First look at new parking bylaw
A new parking bylaw for Invercargill, drafted after a council prosecution was rebuffed in the Invercargill District Court, goes to city councillors today.
If endorsed, it will then be put to public consultation.
The move is fallout from a successful legal challenge to the validity of $40 fines that had been issued on the basis that people had failed to activate parking kiosks as required – by entering their licence plate number – to receive an initial 30 minutes of free parking.
The initial complaint was that the wording on the parking kiosks was unclear.
However, presiding justices of the peace ruled the ticket invalid on separate grounds: that the council’s parking bylaw failed to specify any requirement to activate a parking meter.
A staff report to councillors said the bylaw and ticketing terminology had been found “to be lacking required detail to support appropriate enforcement’’. It also acknowledged that users previously raised a lack of clarity about how the council communicated how, and when, people should pay using the system.
The new bylaw has been designed to clarify the process for users and simplify the ability of parking wardens to observe how long the vehicle has occupied a park.

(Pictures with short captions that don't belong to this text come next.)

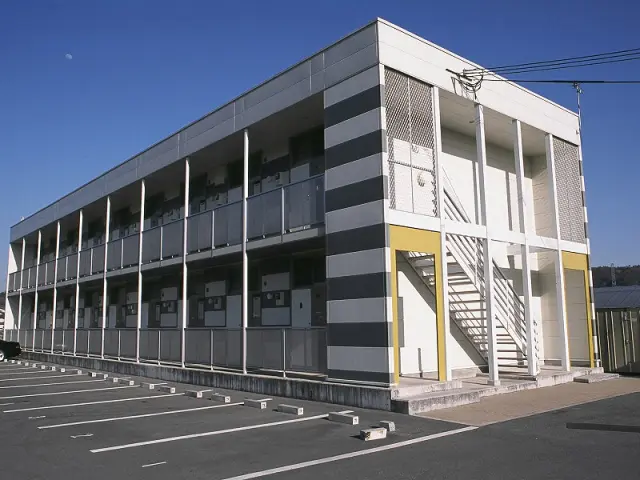 レオパレスインパストラル 0
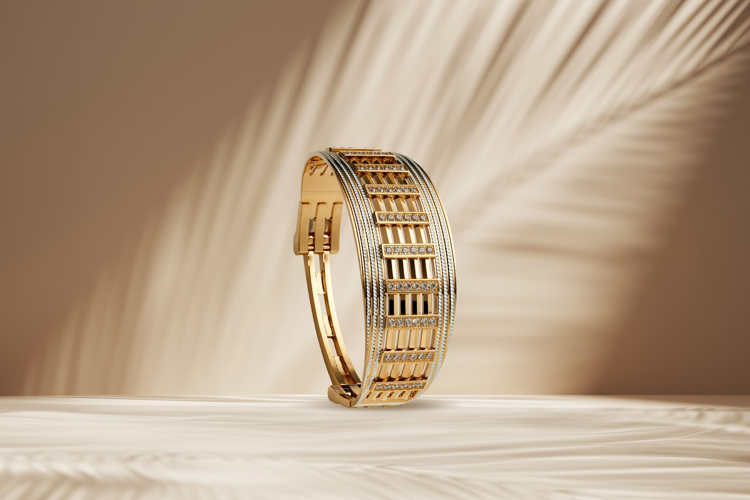 Elevate Your Style With Au Finja Stunning Jewelry Collections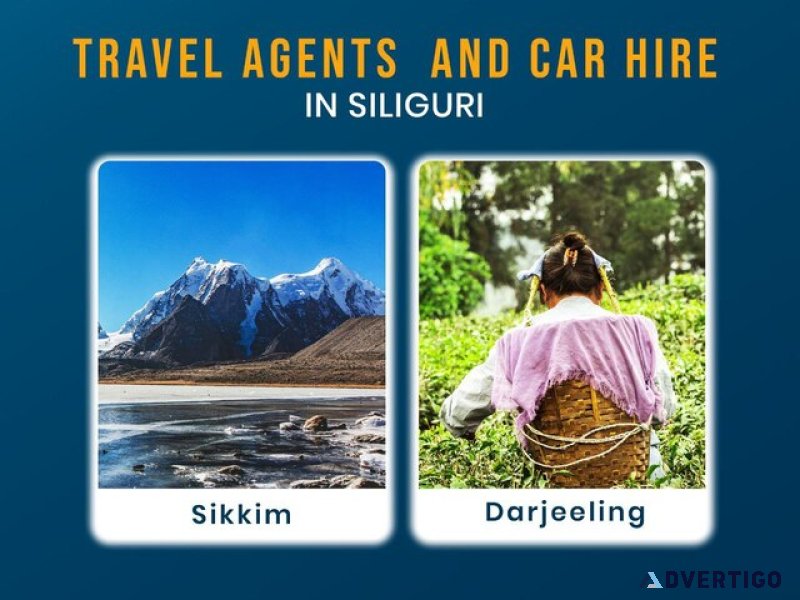 Tour operators in siliguri | goodwill tour and travel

It specifies that plates must be registered at the time of parking, regardless of whether payment is required.
Other changes for metered parking areas address issues of heavy vehicles causing obstructions and of people with cars that cannot be safely driven leaving them for longer than three days.
The draft bylaw underwent internal and external legal reviews. In the longer term, an integrated strategy for all road users was being developed and would require further development of the parking bylaw.
“This parking strategy will be developed balancing need with cost and encouraging turnover in spaces,’’ the staff report said. The aim would be to decide on the ”most appropriate model and hierarchy of parking”.